En noviembre de 2025 se dispararon las alarmas cuando la Unión Europea anunció una flexibilización en los objetivos de recorte de emisiones de gases de efecto invernadero, al objeto de satisfacer a los países más escépticos sobre la lucha climática. Sin embargo, la revisión que finalmente aprobó el Consejo de la UE el jueves pasado mantiene el grueso de los objetivos existentes, con pequeños cambios.
Según lo acordado, la Unión Europea debe recortar obligatoriamente sus emisiones de CO2 en un 90 % en 2040 respecto a las existentes en 1990, aunque se permite a los países que puedan cubrir hasta un 5% de ese objetivo comprando créditos de emisión a terceros países fuera de la Unión Europea. Es decir, ese 5% de reducción no se efectuaría en el interior de la UE, sino mediante compensaciones en otros países.

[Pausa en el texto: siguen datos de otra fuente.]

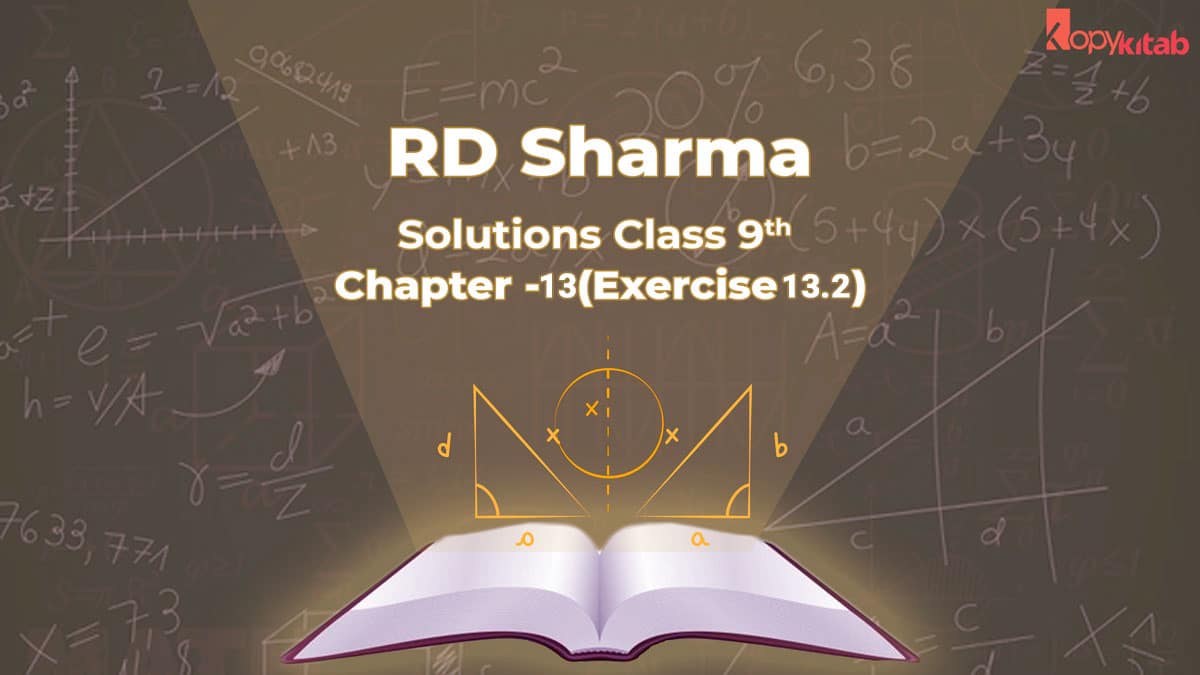 RD Sharma Class 9 Solutions Chapter 13 Exercise 13.2 (Updated for 2024)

Del 90% de reducción acordado, solo el 5% podrá hacerse mediante compensaciones en otros países fuera de la UE
El objetivo adoptado, después de que el Parlamento Europeo haya dado también su visto bueno, dará «a la industria, a los ciudadanos y a los inversores la seguridad que necesitan para la transición limpia en la próxima década», afirmó en nombre de la presidencia del Consejo de la UE Maria Panayiotou.
La medida ha recibido el visto bueno de los órganos comunitarios / Agencias
La Ley Europea de Clima establece que la UE debe recortar sus emisiones de gases de efecto invernadero en un 55 % en 2030 respecto a 1990 y continuar el esfuerzo hasta alcanzar la neutralidad climática a mitad de siglo.
El 85% de la reducción ha de ser dentro de la UE
La revisión adoptada este jueves fija, por tanto, un objetivo intermedio para 2040 y permite que, desde 2036, se puedan utilizar créditos internacionales para cubrir hasta cinco puntos de esa reducción.
«Esto significa que al menos el 85 % de la reducción de emisiones deberá lograrse dentro de la UE. Los créditos deberán basarse en actividades creíbles de reducción de emisiones de gases de efecto invernadero en países socios, en línea con el Acuerdo de París», indicó el Consejo en un comunicado.
El de 2040 es un paso intermedio hacia el objetivo de cero emisiones netas para el año 2050 en la UE
El texto también avala que se postergue un año, hasta 2028, la introducción del régimen de comercio de derechos de emisiones ETS2, que se aplicará al transporte rodado y a la climatización de los edificios.
Evaluación bianual de los avances climáticos
Además, la Comisión Europea evaluará cada dos años los avances hacia el objetivo pactado, teniendo en cuenta los datos científicos más recientes, los avances tecnológicos y la situación de la competitividad industrial de la UE.

La UE continúa su senda hacia la descarbonización, pese a algunas flexibilizaciones / Agencias
También analizará las tendencias de los precios de la energía y sus repercusiones tanto para las empresas como para los hogares, y evaluará el estado de las eliminaciones netas en toda la UE en comparación con lo necesario para alcanzar el objetivo de 2040.
Sin embargo, el Ejecutivo podrá proponer modificaciones legales según el resultado de esas verificaciones, lo que podría implicar revisar el objetivo de 2040 o adoptar medidas adicionales para “reforzar el marco de apoyo, para proteger la competitividad, la prosperidad y la cohesión social de la UE”.
El Ejecutivo comunitario debe diseñar ahora las políticas que permitirán alcanzar ese recorte de gases de efecto invernadero a partir de 2030, para lo que la Comisión Europea ya ha abierto dos consultas públicas.
Hay que tener en cuenta que los niveles de dióxido de carbono (CO2) en la atmósfera se dispararon en 2024 y alcanzaron un nuevo récord, lo que augura que el planeta seguirá experimentando un aumento de las temperaturas a largo plazo, indicaba un informe de la Organización Meteorológica Mundial (OMM) presentado el pasado mes de octubre.